Produsen gawai gaming retro terkemuka, Anbernic, kembali menarik perhatian publik dengan memamerkan video peragaan gameplay dari konsol handheld layar ganda terbarunya, Anbernic RG DS Plus. Perangkat ini hadir sebagai generasi penerus dari RG DS yang sebelumnya dipasarkan sekitar Rp2,3 jutaan ($129,98). Menariknya, RG DS Plus membawa sejumlah peningkatan signifikan, termasuk ukuran fisik yang lebih besar serta penggunaan sistem operasi kustom berbasis Linux secara bawaan untuk pengalaman navigasi yang lebih responsif.
Meskipun spesifikasi teknis lengkap, tanggal rilis resmi, dan harga pastinya belum diumumkan secara rinci, video peragaan resmi tersebut sudah memberikan gambaran jelas mengenai kapabilitas perangkat ini. RG DS Plus diproyeksikan menjadi solusi ideal bagi penggemar konsol klasik yang menginginkan perangkat portabel serbaguna dengan kemampuan emulasi lintas generasi.
Optimalisasi Emulasi Dual Screen dan Emulator NNDDSS
Daya tarik utama dari Anbernic RG DS Plus terletak pada kemampuan emulasi konsol layar ganda layaknya lini Nintendo DS. Untuk menunjang performa tersebut, Anbernic membekali perangkat ini dengan emulator baru yang dinamakan NNDDSS. Emulator ini dilengkapi dengan berbagai fitur modern seperti dukungan custom shader untuk meningkatkan kualitas visual gim retro, serta fitur save states yang memudahkan pemain menyimpan progres gim kapan saja.

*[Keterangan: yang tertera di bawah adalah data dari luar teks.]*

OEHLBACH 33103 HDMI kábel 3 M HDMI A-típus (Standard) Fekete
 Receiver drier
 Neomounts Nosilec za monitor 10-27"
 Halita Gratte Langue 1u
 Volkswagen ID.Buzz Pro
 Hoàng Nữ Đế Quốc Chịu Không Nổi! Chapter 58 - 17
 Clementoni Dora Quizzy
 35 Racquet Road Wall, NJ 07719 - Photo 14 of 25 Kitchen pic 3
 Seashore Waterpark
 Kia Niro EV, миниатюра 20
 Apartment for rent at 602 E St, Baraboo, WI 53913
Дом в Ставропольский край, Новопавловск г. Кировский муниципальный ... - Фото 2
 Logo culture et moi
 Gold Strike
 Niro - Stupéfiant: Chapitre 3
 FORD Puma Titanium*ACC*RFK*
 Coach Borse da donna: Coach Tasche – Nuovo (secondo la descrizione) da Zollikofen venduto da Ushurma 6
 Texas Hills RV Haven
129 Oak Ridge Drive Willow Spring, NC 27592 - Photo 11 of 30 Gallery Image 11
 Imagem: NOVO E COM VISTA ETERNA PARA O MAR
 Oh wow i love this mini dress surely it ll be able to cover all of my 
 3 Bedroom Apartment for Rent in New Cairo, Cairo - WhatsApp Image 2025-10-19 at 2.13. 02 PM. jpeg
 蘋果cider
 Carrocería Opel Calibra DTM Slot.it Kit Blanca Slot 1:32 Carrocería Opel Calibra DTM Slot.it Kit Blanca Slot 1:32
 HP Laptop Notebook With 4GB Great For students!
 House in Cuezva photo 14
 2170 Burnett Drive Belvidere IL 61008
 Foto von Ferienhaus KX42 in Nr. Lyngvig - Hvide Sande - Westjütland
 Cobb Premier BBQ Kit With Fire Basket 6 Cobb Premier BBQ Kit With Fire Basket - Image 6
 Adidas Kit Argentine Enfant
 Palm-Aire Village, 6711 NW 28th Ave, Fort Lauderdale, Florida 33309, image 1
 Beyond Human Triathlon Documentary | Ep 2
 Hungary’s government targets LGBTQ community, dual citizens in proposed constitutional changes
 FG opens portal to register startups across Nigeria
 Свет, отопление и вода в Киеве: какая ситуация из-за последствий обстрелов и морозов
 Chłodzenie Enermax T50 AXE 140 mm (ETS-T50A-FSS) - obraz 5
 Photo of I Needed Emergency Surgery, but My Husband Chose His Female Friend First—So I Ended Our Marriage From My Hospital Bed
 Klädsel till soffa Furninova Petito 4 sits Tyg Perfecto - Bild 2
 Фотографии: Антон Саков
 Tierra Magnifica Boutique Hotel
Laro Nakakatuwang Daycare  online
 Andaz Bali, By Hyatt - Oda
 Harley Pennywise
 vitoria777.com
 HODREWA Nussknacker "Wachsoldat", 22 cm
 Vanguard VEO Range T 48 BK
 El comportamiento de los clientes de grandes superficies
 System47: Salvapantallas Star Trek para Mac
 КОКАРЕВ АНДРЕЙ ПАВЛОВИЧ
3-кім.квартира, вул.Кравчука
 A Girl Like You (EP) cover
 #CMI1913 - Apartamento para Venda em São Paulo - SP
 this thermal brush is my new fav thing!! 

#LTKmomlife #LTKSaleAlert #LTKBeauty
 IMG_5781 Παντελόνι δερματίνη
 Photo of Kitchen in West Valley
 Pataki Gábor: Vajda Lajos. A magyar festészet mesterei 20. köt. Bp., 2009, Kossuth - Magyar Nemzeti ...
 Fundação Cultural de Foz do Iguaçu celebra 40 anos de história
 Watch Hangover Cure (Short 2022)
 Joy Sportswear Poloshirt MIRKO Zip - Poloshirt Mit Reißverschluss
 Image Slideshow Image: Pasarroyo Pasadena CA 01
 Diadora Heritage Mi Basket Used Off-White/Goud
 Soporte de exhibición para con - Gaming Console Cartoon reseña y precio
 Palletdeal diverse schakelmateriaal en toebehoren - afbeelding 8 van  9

Dalam cuplikan gameplay yang dibagikan, perangkat ini mampu menjalankan gim populer seperti The Legend of Zelda: Spirit Tracks dan Grand Theft Auto: Chinatown Wars secara mulus. Selain itu, RG DS Plus juga mendukung gim yang membutuhkan orientasi layar vertikal seperti Ninja Gaiden: Dragon Sword, di mana pengguna dapat memanfaatkan stylus terintegrasi pada layar sentuh untuk kontrol yang presisi.
Fleksibilitas Layar Tunggal dan Dukungan Multi-Platform
Meski memiliki dua layar fisik, Anbernic RG DS Plus tidak terbatas pada gim dual screen saja. Perangkat ini sangat fleksibel untuk memutar gim dari sistem layar tunggal seperti Game Boy, Game Boy Color, Game Boy Advance, hingga konsol yang lebih bertenaga seperti Sony PSP, PlayStation 1, Sega Dreamcast, dan Sega Saturn.
Saat memainkan gim berlayar tunggal, pengguna diberikan keleluasaan penuh untuk memilih penggunaan layar atas atau layar bawah. Layar yang tidak aktif dapat dimatikan untuk menghemat daya baterai, atau diatur agar menampilkan gambar latar belakang bertema konsol retro yang sedang dimainkan guna menambah estetika nostalgia.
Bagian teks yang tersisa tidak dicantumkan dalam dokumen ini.